The Christian Post on Monday published an editorial by John Grano and Richard Land that slammed Christianity Today editor Mark Galli for his op-ed last week calling for President Trump to be removed from office. The Post piece argued that Christianity Today’s “disdainful, dismissive, elitist posture toward their fellow Christians may well do far more long-term damage to American Christianity and its witness than any current prudential support for President Trump will ever cause.”

Napp Nazworth, who has worked for the Christian Post website since 2011, according to The Washington Post, announced in a series of tweets that he could no longer work for the publication in good conscience over its pro-Trump stance.

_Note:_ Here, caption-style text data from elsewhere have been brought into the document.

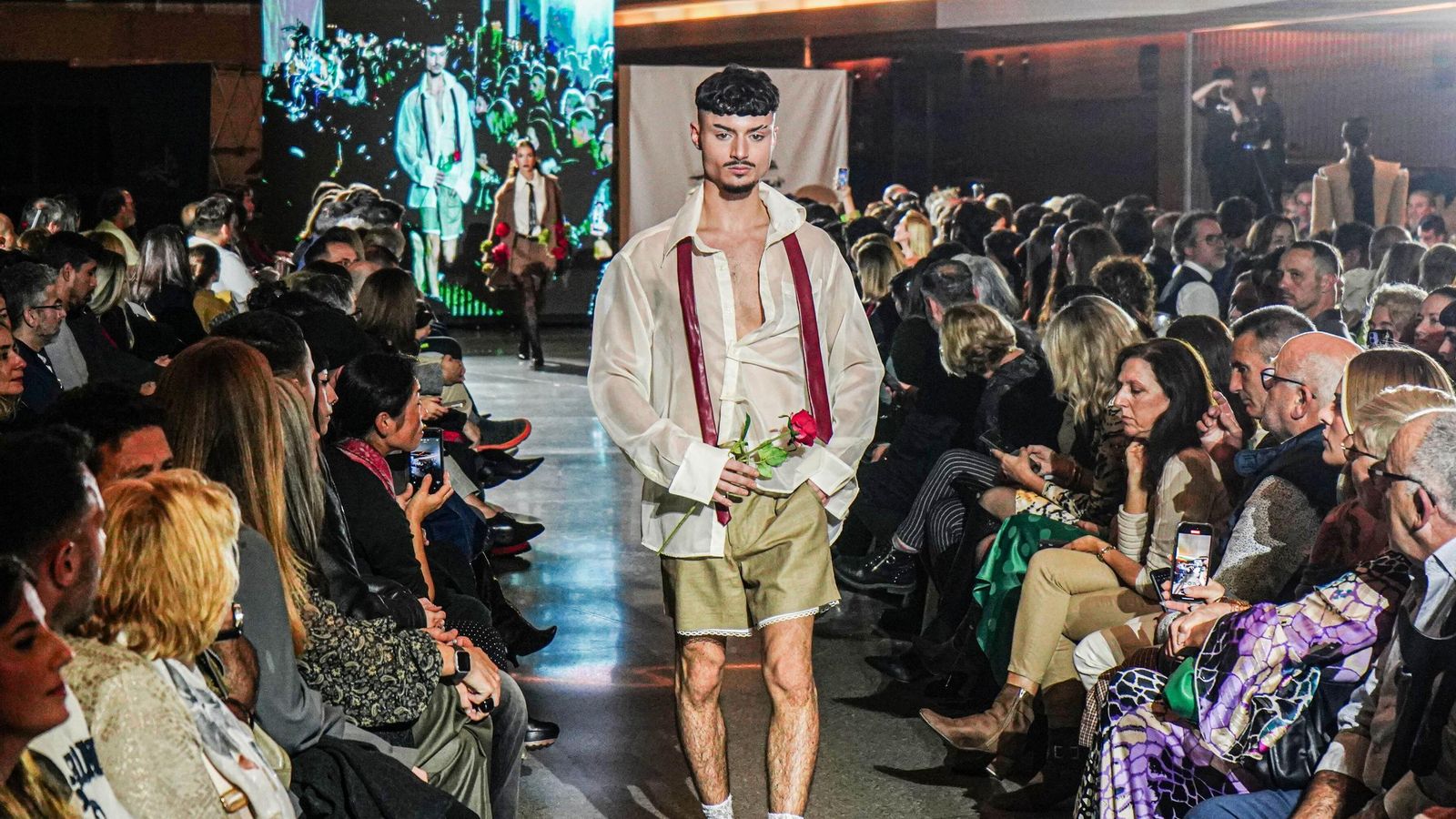 Alberto Carmona deslumbró a los asistentes con su colección "Antología".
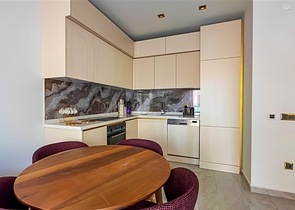 Квартира 1+1 в премиальном комплексе в центре Алании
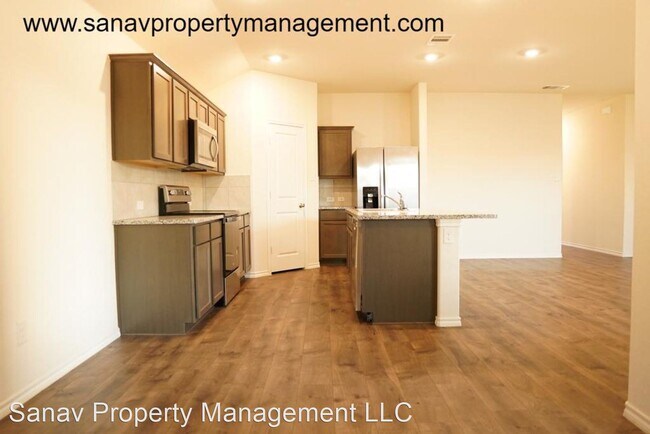 Building Photo - 4 br, 2 bath House - 913 English Dr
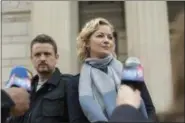  ??  ?? David Lyons, Gretchen Mol in “Seven Seconds” on Netflix.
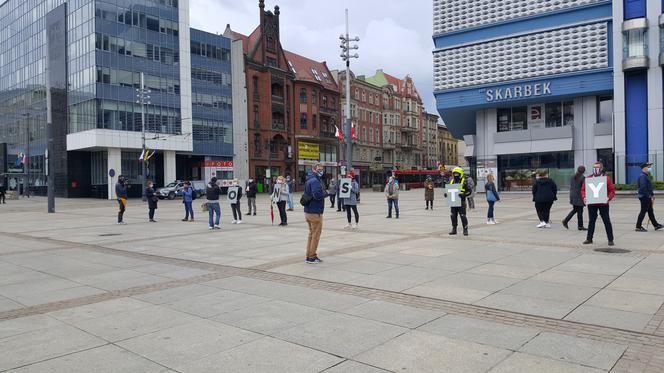 Protest przeciwko wyborom korespondencyjnym w Katowicach 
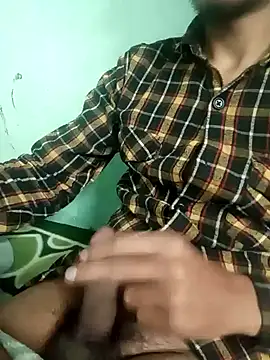 maxmishra18 online show from 5, 12, 2025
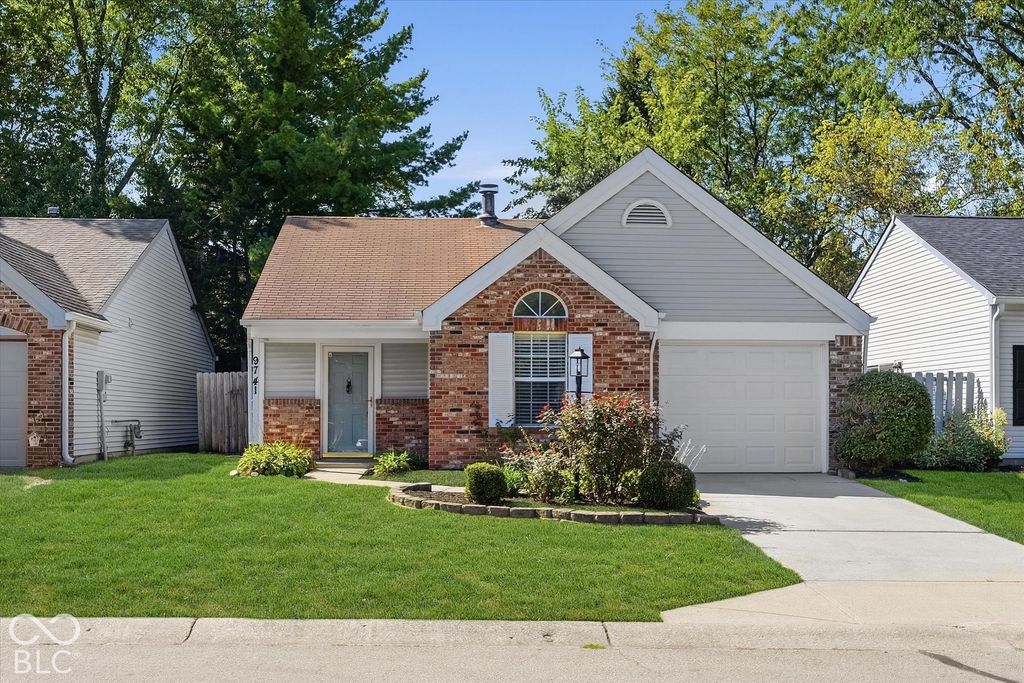 9741 Roxbury Drive, Fishers, IN 46038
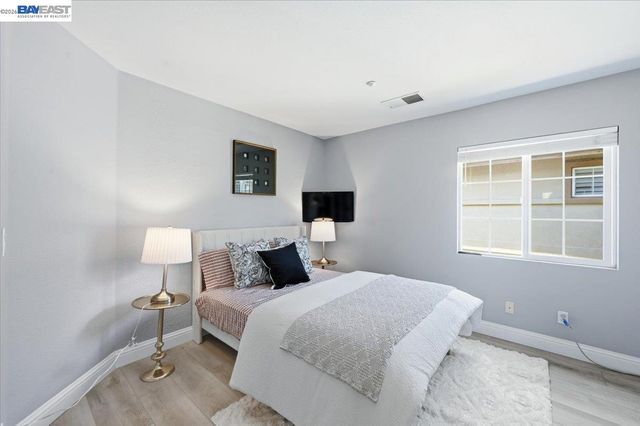 5688 CEDAR CREST, Dublin, CA 94568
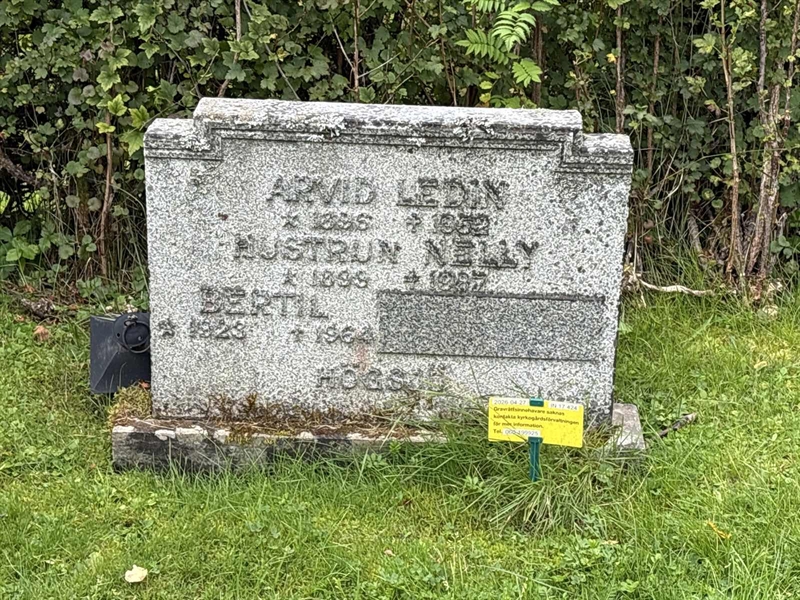 Grave number: IN 17   424
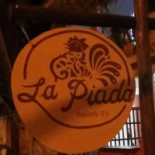 Lá Piada Dentro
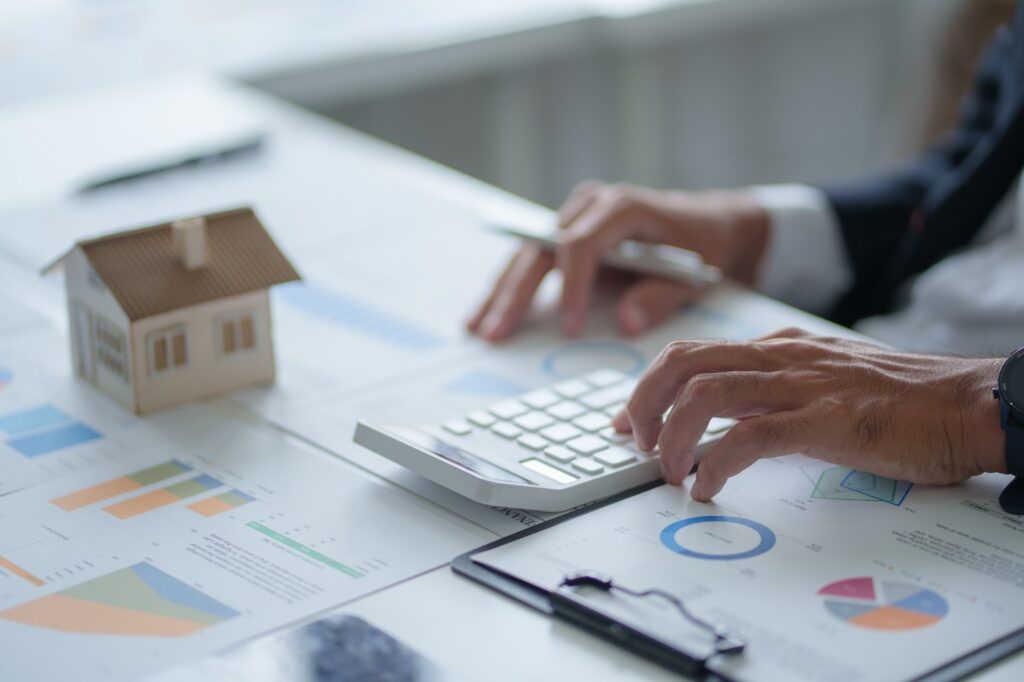 Comment le scandale Stéphane Plaza redessine l’avenir de son réseau d’agences immobilières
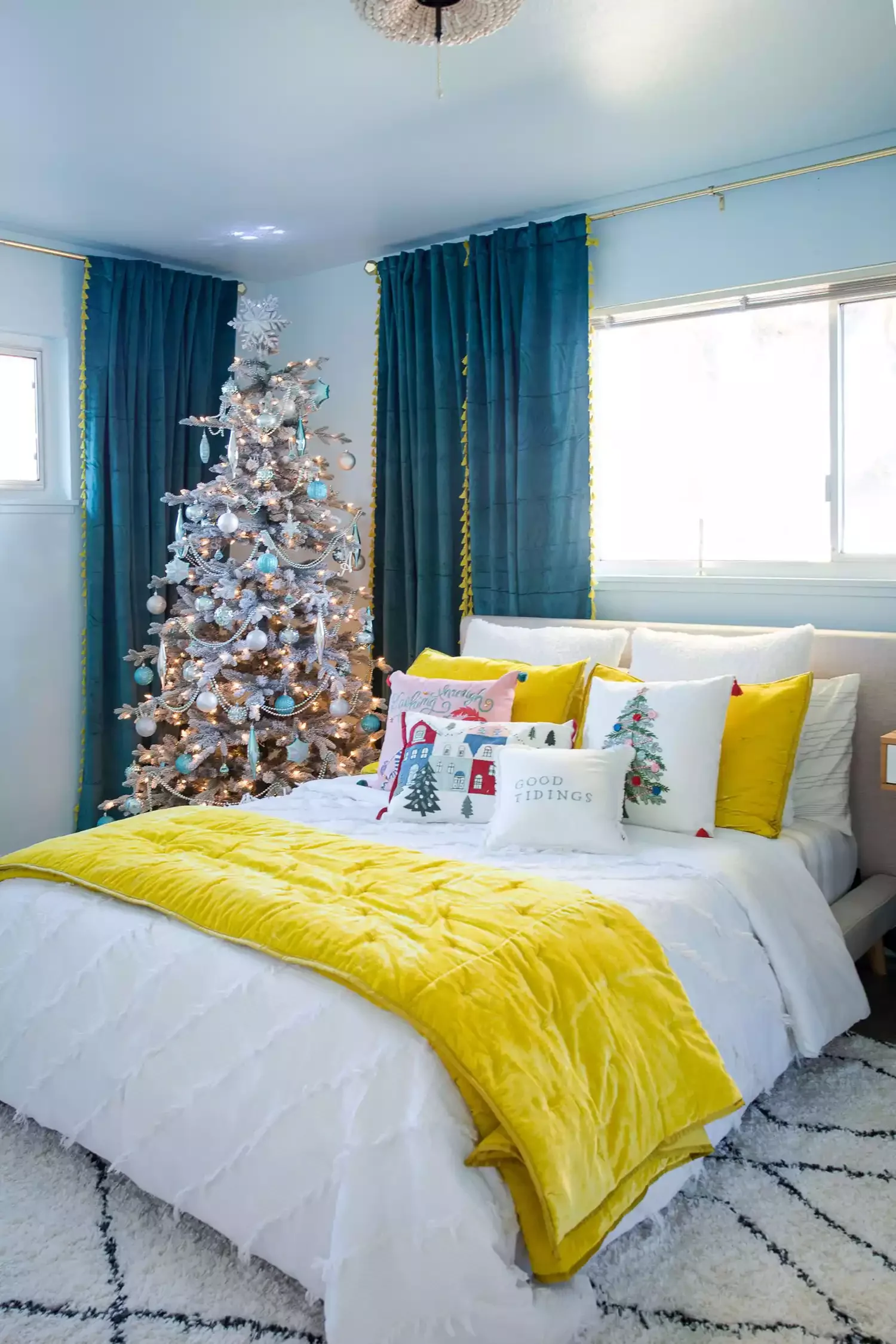 32 Christmas Bedroom Decor Ideas That Make Mornings Magical Use Non-Traditional Colors
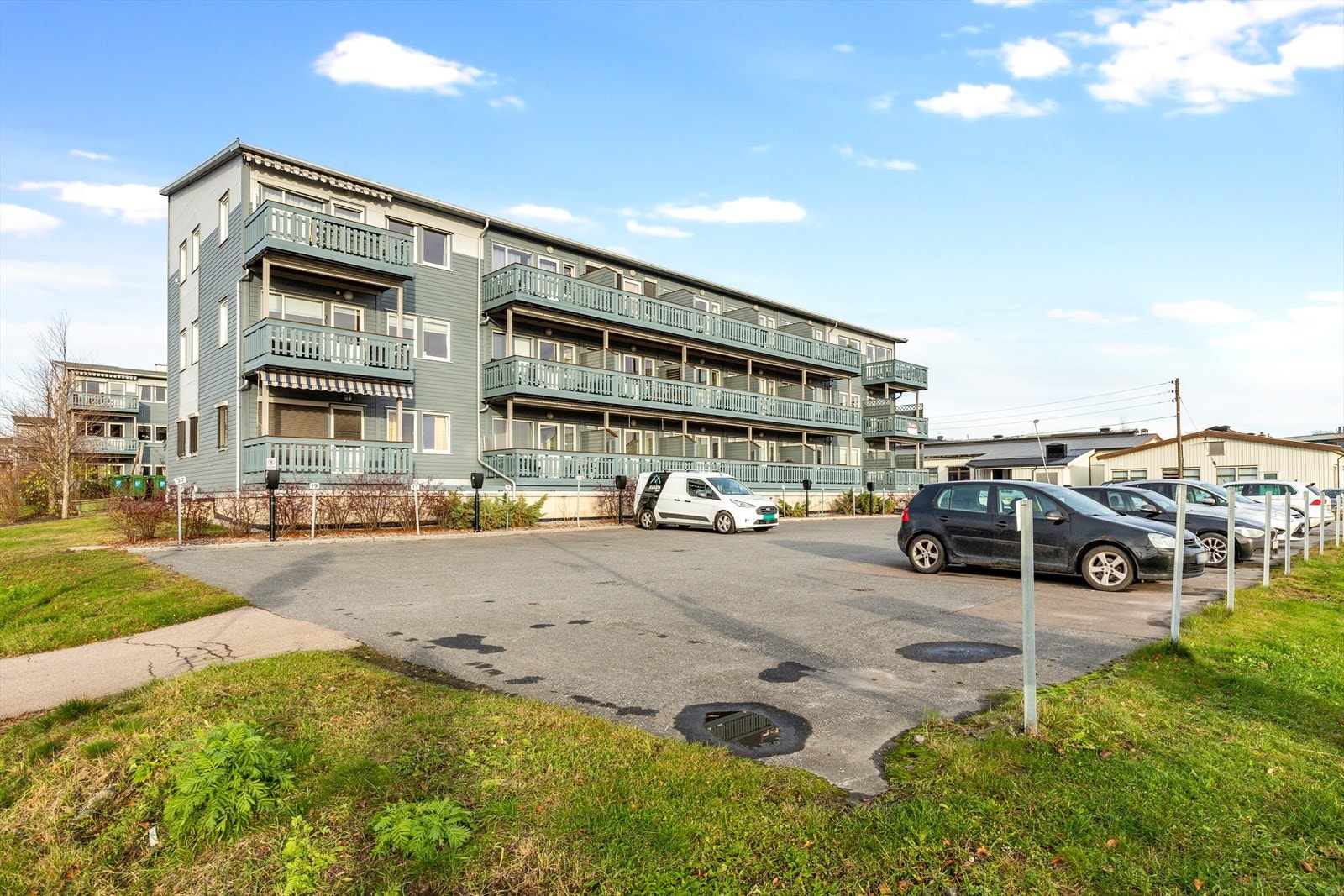 Leiligheten har en fin beliggenhet med solrik balkong og flott utsikt! Galleribilde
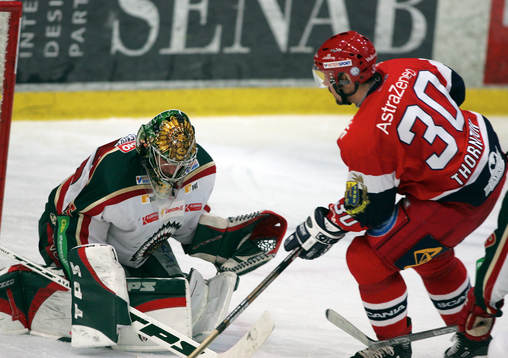 Henrik Lundqvist, målvakt, Frölunda överlistas av Scott
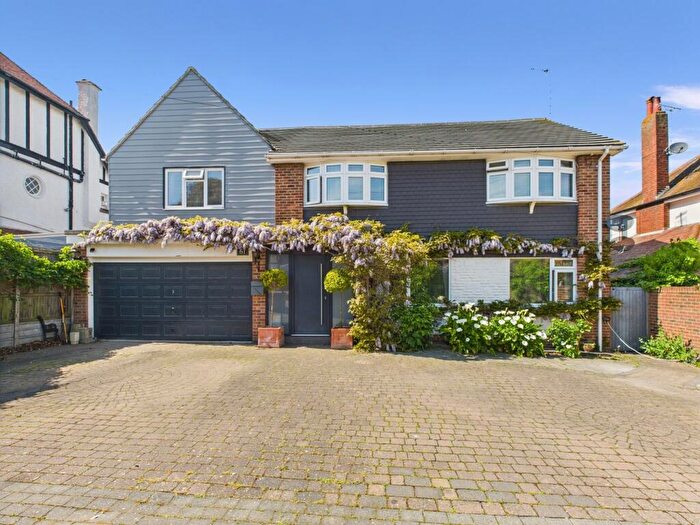 4 Bedroom Detached House For Sale In Kingsgate Avenue, Kingsgate, Broadstairs, CT10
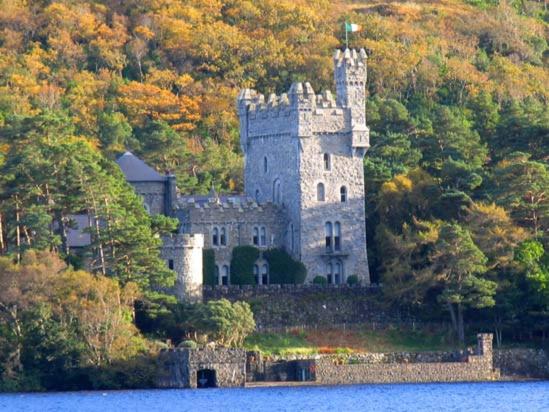 un castello sulla riva di un corpo d'acqua di Bunlin Heights Self Catering Studio a Milford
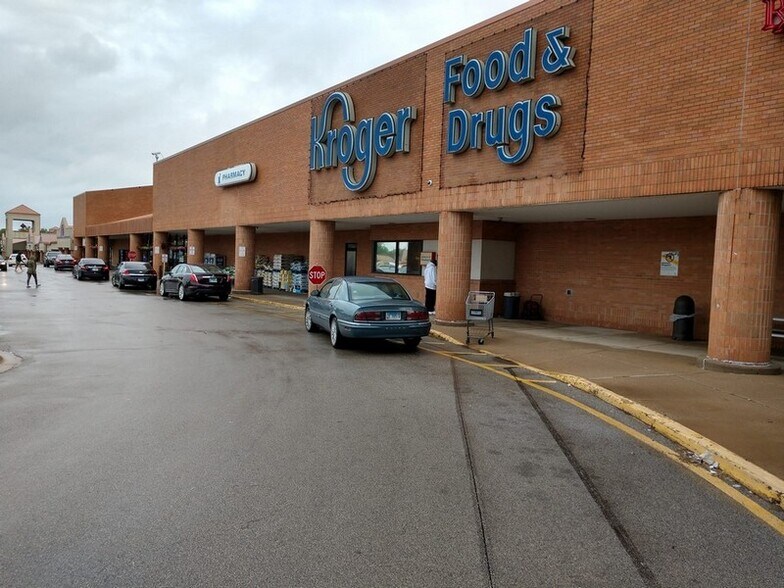 More Photos Of 3311 N Sterling Ave, Peoria General Retail For Sale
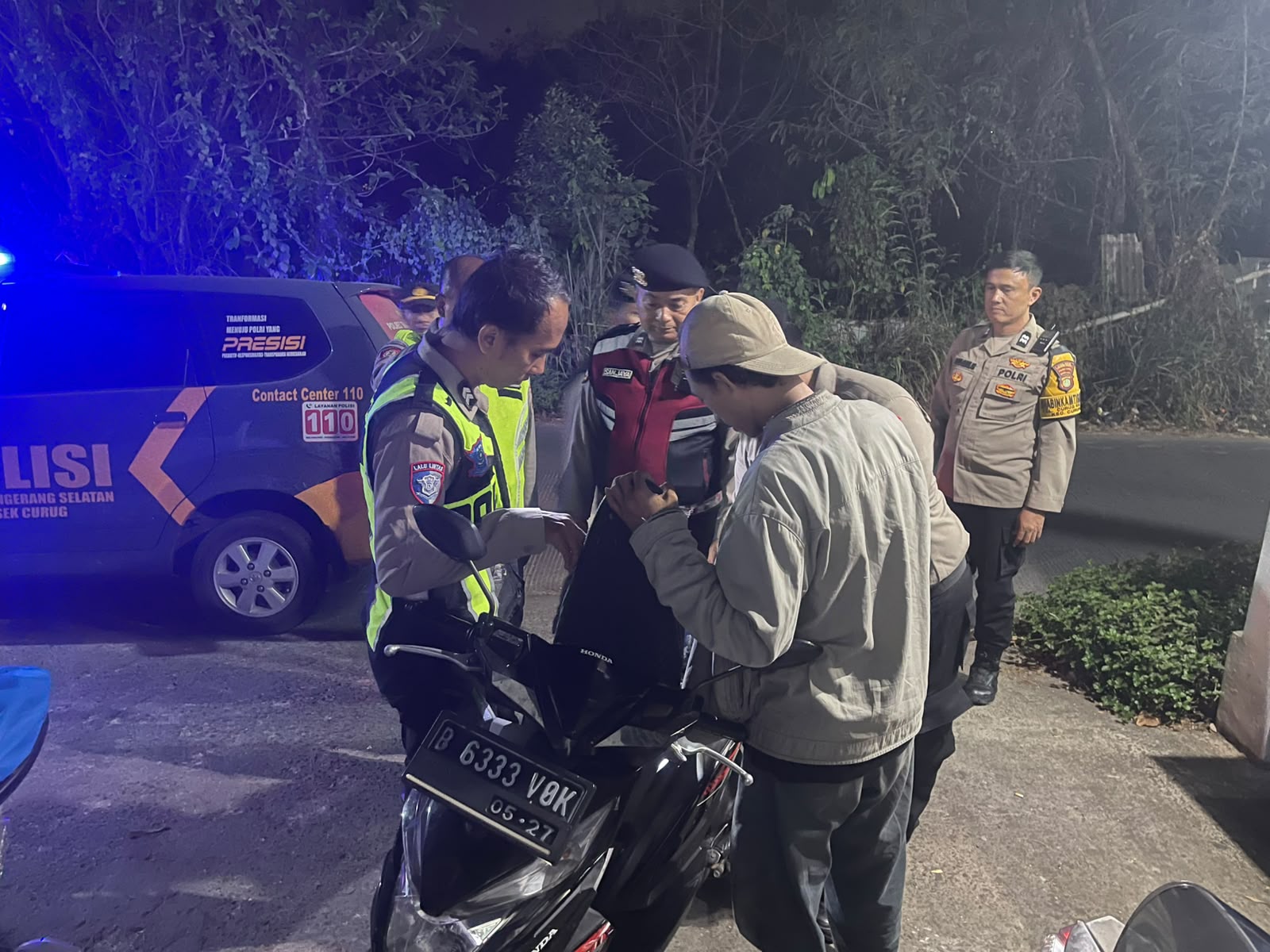 Patroli Cipkon Polsek Curug Hadirkan Rasa Aman di Tengah Warga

“Today, rather abruptly, I was forced to make the difficult choice to leave The Christian Post,” Mr. Nazworth wrote. “They decided to publish an editorial that positions them on Team Trump. I can’t be an editor for a publication with that editorial voice.

“I’m saddened by what happened for many reasons. I’ve been with CP for over 8.5 years, made many friendships, and had lots of exciting opportunities along the way,” he continued. “As long as I was with the company, they strived to be a place that represented the diversity of evangelicalism in the US. I even wrote about this diversity in the last published article I wrote on Sunday. When the editors had disagreements, we would work through them, letting those discussions and debates inform and improve our coverage.

“Now, CP has chosen to go in a different direction. Like so many other media companies, they’ve chosen to silo themselves,” he wrote. “They’ve chosen to represent a narrow (and shrinking) slice of Christianity. That might be a good business decision, short term at least. But it’s bad for Democracy, and bad for the Gospel. It means there will be one more place where readers can go for bias confirmation, but one less place where readers can go to exercise their brains on diversity of thought.”

The Christian Post’s editorial Monday came in stark contrast to Christianity Today’s, in which Mr. Galli claimed that Mr. Trump unconstitutionally and immorally “attempted to use his political power to coerce a foreign leader to harass and discredit one of the president’s political opponents.”

The president later slammed the publication as a “far left magazine” that he will no longer read.

Christianity Today President Timothy Dalrymple told The Washington Post that their anti-Trump position had resulted in only 2,000 canceled subscriptions, compared to about 5,000 new subscriptions from a younger, more diverse and more global audience.